The absence of international monitoring could undermine confidence in the results of elections that are already threatened by widespread voter intimidation and the boycott of Sunni Arab parties.
But one UN official said there would be sufficient scrutiny by local party observers and domestic non-governmental organisations. “It's not essential to have international election observers,” said Carlos Valenzuela, the UN's Iraq election expert. A Canada-based umbrella group of electoral experts, the International Mission for Iraqi Elections, was established in December to help assess the process, but insists it is not a monitoring mission.
“Monitoring is a big problem. There won't be any international observation mechanism,” said one UN diplomat. “The UN is not willing. No one is willing. No one wants to send their people there.”
Even the number of Iraqis expected to oversee the process was “less than expected or needed”.
The diplomat described IMIE as a “last-minute” initiative, which will send experts to Jordan and Baghdad's green zone “to provide a kind of out-of-country monitoring mission”.
Another claimed it would provide helpful scrutiny of “organisational points of the process”, but added: “You can't expect international monitors to be located across the country.”
IMIE refuses to answer press enquiries about its job. Jean-Pierre Kingsley, its head, refuses interview requests, and journalists are referred to the body's website.
The website says IMIE will “follow the election preparations and make informed judgments, and build capacity and confidence through assessment of identified targets and activities”, using “a wide array of review and monitoring techniques both off-site by electoral experts and on-site in Iraq by specialists”.
What that means in practice remains unclear, some diplomats say.
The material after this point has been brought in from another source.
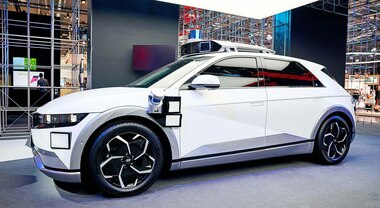 Hyundai, dal 2035 stop vendita auto termiche. A Monaco brand presenta impegno verso neutralità carbonica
By contrast, there is no shortage of volunteers to monitor out-of-country voting, which will mostly take place in Syria, Jordan and Iran. The ballots will be counted by the International Organisation for Migration, with the results tabulated and sent to Baghdad.
Many international organisations, including the European Union, have offered to send observers for that process. But problems remain. There are no accurate statistics, for example, showing the number of Iraqis living outside the country. Moreover, only voters in countries where the IOM operates will be able to take part in the elections.
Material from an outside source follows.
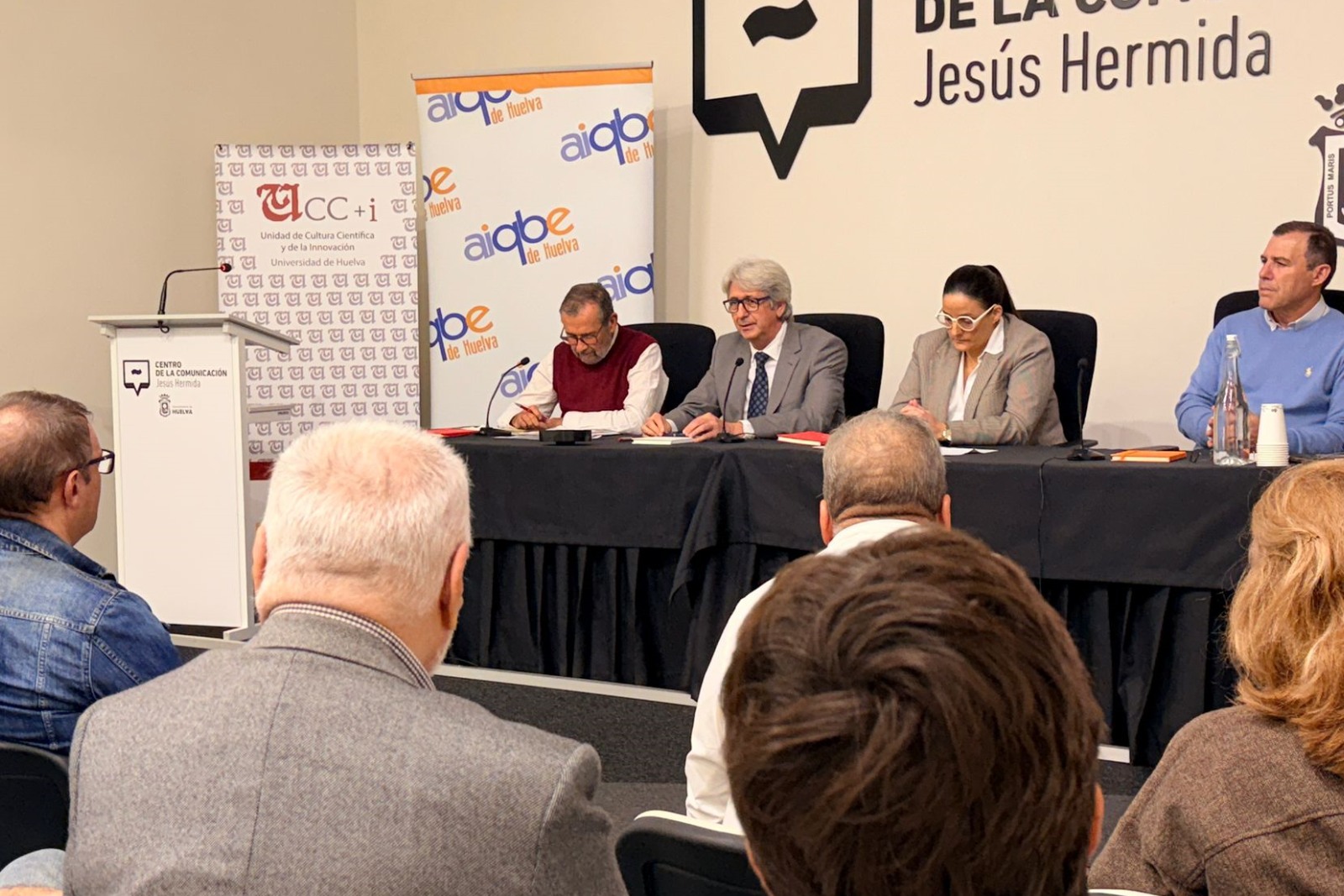 Huelva acoge los 'Encuentros de Saber Abierto', que se inician con un debate sobre el CO₂ biogenico y los combustibles renovables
The IOM estimates there are between 3m and 4m expatriate Iraqis, only half of whom are believed to live in countries where the vote will take place. It says the total number of eligible voters outside Iraq is about 1m.
Simon Chesterman, head of the Institute for International Law and Justice at New York University, says the lack of international observation is a serious problem.
“Elections have become viewed as the test of political transformation, and the only way to verify that test is to have some kind of independent analysis,” he says.
“The fact that security in Iraq is so bad that no one will go to observe the elections suggests that even if they pass without incident, they have failed.
“Elections whose results are not believed are worse than no elections at all. If, when results come out, there is a dispute, and there is no way of resolving that impartially, there is a great danger that instead of resolving political tensions in Iraq it will create them.”